Why this all goes on is to adjust the brood size to best match the available food resources in any one year, which is variable and often unpredictable. It is best from an evolutionary perspective to reduce brood size as quickly as possible so that resources are not wasted on the chick that eventually dies. If brood reduction did not occur you could have the possibility of all the chicks in the brood being malnourished in poor food years, possibly resulting in zero production of young that year.
By the way, it could equally have been the father egret that did the deed.
Last edited by John Chardine; 07-20-2009 at 06:46 AM.
Sad, but I agree with John that this is fascinating. I also have not witnessed or read of a parent bird actively reducing the brood size. Very interesting.

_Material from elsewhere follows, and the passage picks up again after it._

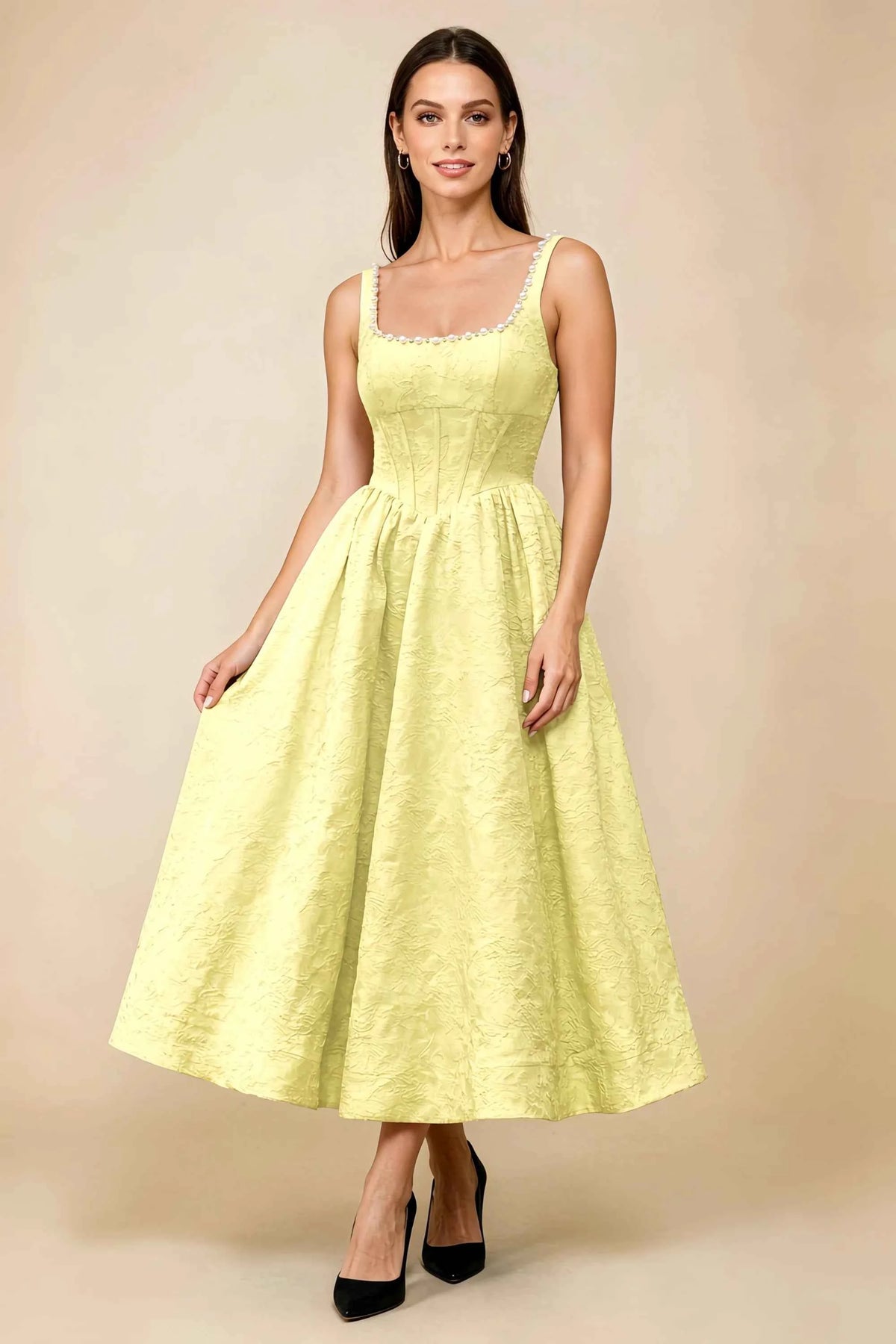 Alberta Yellow Jacquard Square Neck Midi Dress with Pearl Main image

There's a fascinating example of this behavior on the BBC's Life of Birds, a must view for any birder. It's the footage showing (I believe it's) a Coot killing off it's own young. Gruesome, but fascinating!
Common Loon adults will attack one of their chicks until they drive it up on land where they usually die. A sibling will attack as well. I'm not saying the adult and sibling attack at the same time. My father watched an adult attack one of its chicks and never felt the same about loons again.
A rehabilitator friend of mine was the first person to ever raise a Common Loon chick that had been driven off. It had many wounds on its head when it arrived at the centre.